**What the exercise asks**
Beginning with the first line, please return the entries exactly through the line that contains "81487200 (5) new", and leave out all later lines.

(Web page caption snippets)
>>>>
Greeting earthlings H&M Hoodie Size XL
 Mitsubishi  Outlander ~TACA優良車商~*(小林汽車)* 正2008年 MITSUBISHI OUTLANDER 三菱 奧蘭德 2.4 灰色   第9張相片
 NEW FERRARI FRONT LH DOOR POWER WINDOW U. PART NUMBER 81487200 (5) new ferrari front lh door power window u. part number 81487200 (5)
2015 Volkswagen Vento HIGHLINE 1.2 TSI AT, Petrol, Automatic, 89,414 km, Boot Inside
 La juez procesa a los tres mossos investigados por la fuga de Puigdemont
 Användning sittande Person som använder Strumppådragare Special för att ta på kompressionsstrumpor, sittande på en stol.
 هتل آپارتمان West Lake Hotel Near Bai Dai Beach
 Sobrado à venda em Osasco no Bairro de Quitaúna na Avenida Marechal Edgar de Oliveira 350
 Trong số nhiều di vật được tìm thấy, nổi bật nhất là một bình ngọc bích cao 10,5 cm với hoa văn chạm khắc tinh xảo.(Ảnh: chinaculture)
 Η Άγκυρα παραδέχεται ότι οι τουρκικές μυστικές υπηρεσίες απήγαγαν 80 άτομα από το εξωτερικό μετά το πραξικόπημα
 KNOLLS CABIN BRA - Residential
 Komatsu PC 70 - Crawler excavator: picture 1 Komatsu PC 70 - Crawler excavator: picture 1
<<<<
**Written reply**
Greeting earthlings H&M Hoodie Size XL
 Mitsubishi  Outlander ~TACA優良車商~*(小林汽車)* 正2008年 MITSUBISHI OUTLANDER 三菱 奧蘭德 2.4 灰色   第9張相片
 NEW FERRARI FRONT LH DOOR POWER WINDOW U. PART NUMBER 81487200 (5) new ferrari front lh door power window u. part number 81487200 (5)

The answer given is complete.